Le wokisme ne se contente pas de dénoncer la domination du mâle cisgenre blanc pour la « déconstruire » et obtenir des sous pour sa paroisse. Il construit aussi un pôle du Bien, qui s’attache à valoriser ce qui se distingue ou subvertit

  • des valeurs,
  • des codes ou
  • des références

de l’Ennemi. Dans son compte-rendu – publié dans Le Monde, 22-23 juin 2025, p. 25 – du concert donné (contre 60 à 277 €) par Beyoncé au Stade de France, le 19 juin 2025, Stéphane Davet développait clairement une hiérarchisation culturelle de la construction associée à la déconstruction suivant trois axes.

  • Tout ce qui est lié à la culture occidentale blanche doit être honni ;
  • tout ce qui est lié aux cultures africaines et, si possible (mais l’union des deux n’est pas si facile) homosexuelles est bel et bon ;
  • si ce qu’il reste de la culture occidentale peut être subverti par ces nouvelles valeurs, le résultat n’en est que meilleur.
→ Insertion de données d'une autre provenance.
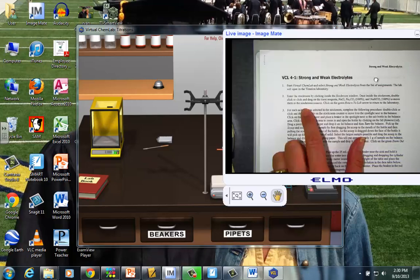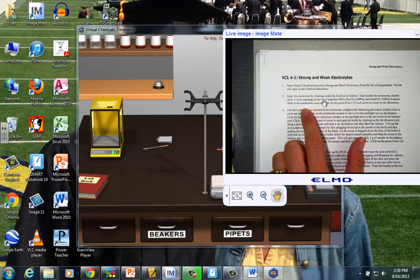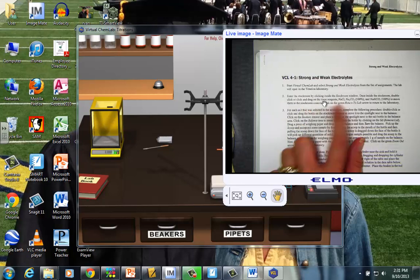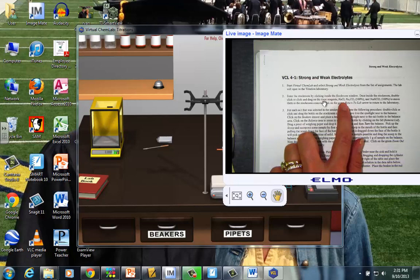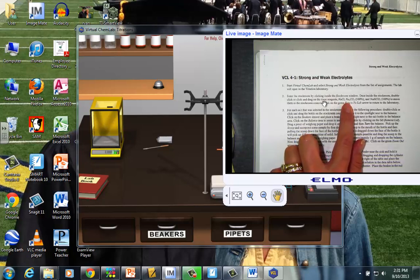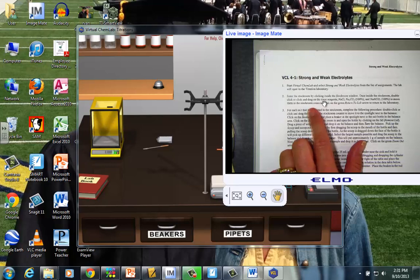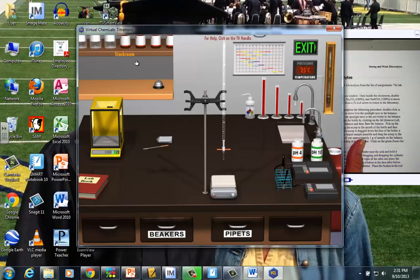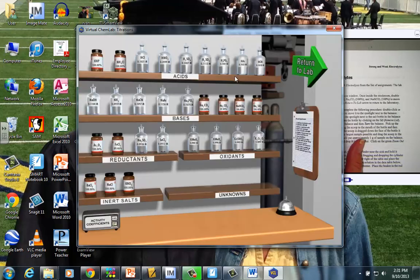So now your screen probably matches mine here. Step number two, if I look over here, it's saying enter the stock room by clicking inside this stock room window, and then once there, start looking for the reagents. We're going to need sodium chloride, sodium carbonate, and sodium bicarbonate. So we're going to go into the stock room by clicking over here. And just giving it a second to catch up. And now this is the screen that you've got.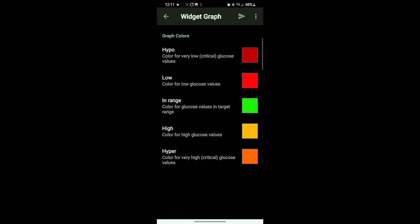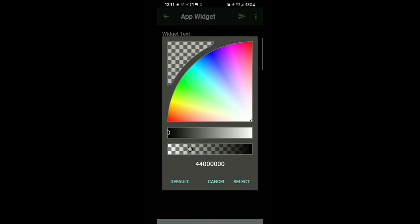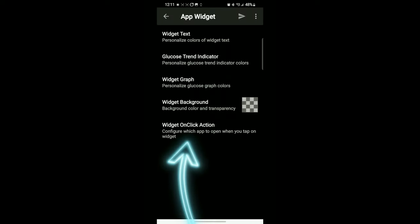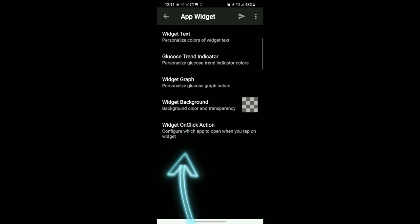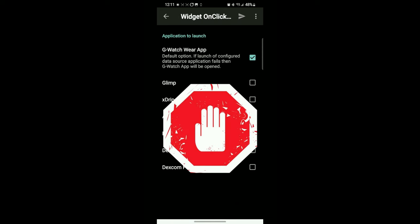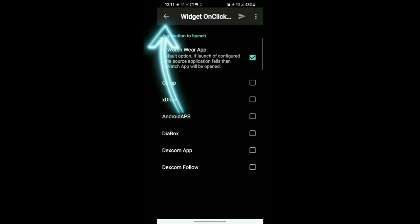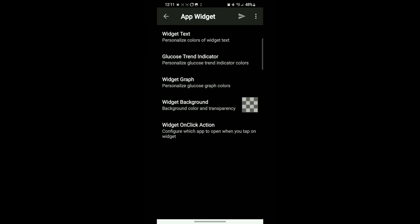Widget graph and widget background. I messed with this a little bit at first and really what it does is it puts a colored square behind the app and it looks not cool, so I just left it black. Widget on click action, don't do anything, just leave it G Watch Wear app and we'll go forward.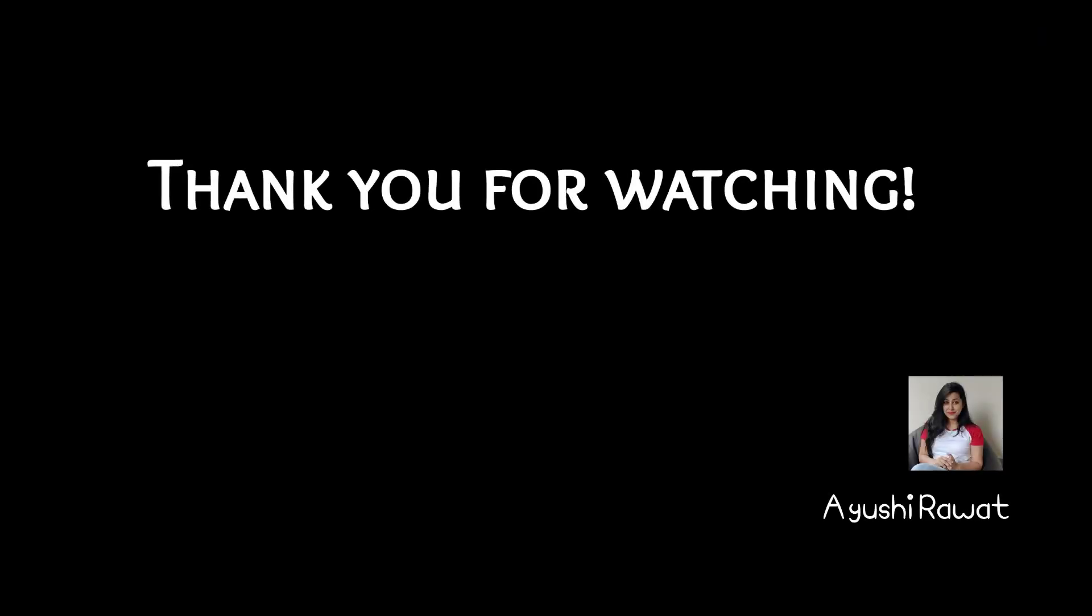Please like the video and subscribe to my channel for upcoming solutions. Thank you for watching.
Ainsi, le public francilien, profitant de ce que le dernier disque en date de la vedette est countrysant, s’est rendu au concert avec « Stetson et santiags » mais « avec ce qu’il faut de paillettes, de détournements afro et queer pour coller au message porté par Cowboy Carter ». Ce disque a permis à Beyoncé de devenir « la première artiste afro-américaine [surtout ne pas écrire « Noire »] » à prendre la tête des ventes de disques country. Son spectacle inclut « Blackbird », titre composé par Paul McCartney pour les Beatles, pour lequel « Beyoncé (…) rappelle que cette mélodie folk fut inspirée par la militante radicale Angela Davis ». Sur les écrans défilent « des images de pionniers noirs du rock’n’roll ». La noirification de la musique est d’autant plus importante que, « si l’histoire du rock est souvent phagocytée par les artistes blancs [rappel : c’est mal, d’être Blanc], que dire de la country ? »
Pour rendre cette musique acceptable, « Beyoncé Knowles-Carter veut en revendiquer les racines noires » afin de « célébrer sa puissance charnelle, communautaire, matriarcale et spirituelle ». On note ainsi comment sont opposés deux pôles :

  • celui des Blancs cisgenres,
    • voleurs,
    • profiteurs et
    • exploiteurs ; et
  • celui
    • des Noirs,
    • des homosexuels et
    • des femmes,

dans un gloubi-boulga communautaire et intersectionnel dont les codes doivent désormais subjuguer non parce qu’ils sont intéressants, novateurs ou séduisants, mais parce que, wokocompatibles, ils sont envisagés comme des outils pour déconstruire et éradiquer le Mal, c’est-à-dire le Blanc et sa culture.
Dans Face à l’obscurantisme woke (PUF), ouvrage collectif publié sous la direction d’Emmanuelle Hénin et alii, Guylain Chevrier, docteur en Histoire, dénonce « l’enterrement de l’égalité » lié au passage « de l’intersectionnalité au multiculturalisme ». Il rappelle la définition du wokisme par l’Oxford English Dictionary (« le fait d’être conscient des problèmes sociaux et politiques, notamment du racisme ») pour pointer la généralisation d’un « schéma idéologique qui voit tout par

  • le prisme identitaire,
  • un rapport dominants/dominés, et
  • des communautés opprimées telles que LGBTQIA+, femmes, Noirs, musulmans, etc. »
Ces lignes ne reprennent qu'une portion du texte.